Solr6.3 配置整理

根据网上的资料整理如下，对solr的入门配置很有帮助。（6.3版本）

数据源配置

支持MySQL

Solr里关于MySQL的配置主要是两个文件：data-config.xml和managed-schema
data-config.xml

<dataConfig>
 <dataSource name="source1" type="JdbcDataSource" driver="com.mysql.jdbc.Driver" url="jdbc:mysql://localhost:3306/test" user="root" password="******" />
   <document>
     <entity name="goods" query="select * from goods" >
       <field column="id" name="id"/>
       <field column="name" name="name"/>
       <field column="number" name="number"/>
       <field column="updateTime" name="updateTime"/>
     </entity>
   </document>
</dataConfig>

其中source1为数据源自定义名称，没什么约束，type这是固定值，表示JDBC数据源，后面的driver表示JDBC驱动类，这与具体使用的数据库有关，url即JDBC链接URL,后面的user，password分别表示链接数据库的账号密码，下面的entity映射有点类似hiberante或mybatis中的mapping映射，column即数据库表的列名称，name即managed-schema中定义的域名称
managed-schema

<field name="id" type="int" indexed="true" stored="true" required="true" omitNorms="true" />
<field name="name" type="string" indexed="true" stored="true" omitNorms="true"/>
<field name="number" type="int" indexed="true" stored="true" omitNorms="true"/>
<field name="updateTime" type="date" indexed="true" stored="true" omitNorms="true"/>

支持Oracle

Oracle的配置与MySQL类似，唯一的区别是在配置dataSource的时候要修改driver和url的属性如下：

<dataSource driver="oracle.jdbc.driver.OracleDriver" url="jdbc:oracle:thin:@//ip:port/database" user="****" password="*****" />

支持word、excel、ppt、pdf、txt等文件

注意，txt文件编码请保证是UTF-8编码，否则无法索引文件内容
data-config.xml配置

<dataConfig>
 <dataSource type="FileDataSource" name="fileDataSource"/>
 <dataSource name="binary" type="BinFileDataSource" />
 <document>
   <entity name="files" dataSource="null" rootEntity="false" processor="FileListEntityProcessor"      baseDir="E:/Docs/搜索引擎/source/"
     fileName=".*.*" onError="skip" recursive="true">
     <field column="fileAbsolutePath" name="filePath"/>
     <field column="file" name="fileName"/>
     <field column="fileSize" name="size"/>
     <field column="fileLastModified" name="lastModified"/>
     <entity name="tika" processor="TikaEntityProcessor"
       dataSource="binary"
       url="${files.fileAbsolutePath}" format="text">
       <field column="Author" name="author" meta="true"/>
       <field column="text" name="text"/>
     </entity>
   </entity>
 </document>
</dataConfig>

baseDir表示目标文件夹的路径，fileName支持使用正则表达式来过滤一些baseDir文件夹下不想被索引的文件，processor是用来生成Entity的处理器，而不同Entity默认会生成不同的Field域。
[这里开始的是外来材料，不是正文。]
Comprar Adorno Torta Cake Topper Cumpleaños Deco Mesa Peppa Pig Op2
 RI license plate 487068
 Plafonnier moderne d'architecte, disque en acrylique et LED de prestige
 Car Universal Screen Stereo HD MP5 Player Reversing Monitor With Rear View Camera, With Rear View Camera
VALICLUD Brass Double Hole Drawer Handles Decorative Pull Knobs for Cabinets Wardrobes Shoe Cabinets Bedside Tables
FileListEntityProcessor处理器会根据指定的文件夹生成多个Entity,且生成的Entity会包含fileAbsolutePath, fileSize, fileLastModified, fileName这几个域，recursive表示是否递归查找子目录下的文件，onError表示当出现异常时是否跳过这个条件不处理。
managed-schema配置

<field name="author" type="text_general" indexed="true" stored="true" omitNorms="true"/>
<field name="text" type="textComplex" indexed="true" stored="true" omitNorms="false"/>
<field name="filePath" type="textComplex" indexed="true" stored="true" omitNorms="true"/>
<field name="fileName" type="textComplex" indexed="true" stored="true" omitNorms="true"/>
<field name="size" type="textComplex" indexed="true" stored="true" omitNorms="true"/>
<field name="lastModified" type="date" indexed="true" stored="true" omitNorms="true"/>

混合支持数据库和文档

配置方法与上面类似，只需把所有的entity的配置放在一个document下，并设置好相应的dataSource即可。
data-config.xml配置

<dataConfig>
 <dataSource type="FileDataSource" name="fileDataSource"/>
 <dataSource name="binary" type="BinFileDataSource" />
 <dataSource name="source1" type="JdbcDataSource" driver="com.mysql.jdbc.Driver" url="jdbc:mysql://localhost:3306/test" user="root" password="mysql" />
 <document>
   <entity name="files" dataSource="null" rootEntity="false" processor="FileListEntityProcessor"     baseDir="E:/Docs/搜索引擎/source/"
    fileName=".*.*" onError="skip" recursive="true">
   <field column="fileAbsolutePath" name="filePath"/>
   <field column="file" name="fileName"/>
   <field column="fileSize" name="size"/>
   <field column="fileLastModified" name="lastModified"/>
   <entity name="tika" processor="TikaEntityProcessor"
    dataSource="binary"
    url="${files.fileAbsolutePath}" format="text">
     <field column="Author" name="author" meta="true"/>
     <field column="title" name="title" meta="true"/>
     <field column="text" name="text"/>
   </entity>
   </entity>
   <entity name="goods" dataSource="source1" query="select * from goods" >
     <field column="id" name="fileName"/>
     <field column="name" name="author"/>
     <field column="number" name="size"/>
     <field column="updateTime" name="lastModified"/>
   </entity>
 </document>
</dataConfig>

索引

索引的增量更新

如果数据库中有新的数据插入，可以通过索引的增量更新查询到最新的数据。data-config.xml的配置如下：

<dataConfig>
 <dataSource name="source1" type="JdbcDataSource" driver="com.mysql.jdbc.Driver" url="jdbc:mysql://localhost:3306/test" user="root" password="******" />
 <document>
   <entity name="goods" pk="id" dataSource="source1"
     query="select * from goods where isDelete=0"
     deltaImportQuery="select * from goods where id='${dih.delta.id}'"
           deletedPkQuery="select id from goods where isDelete=1"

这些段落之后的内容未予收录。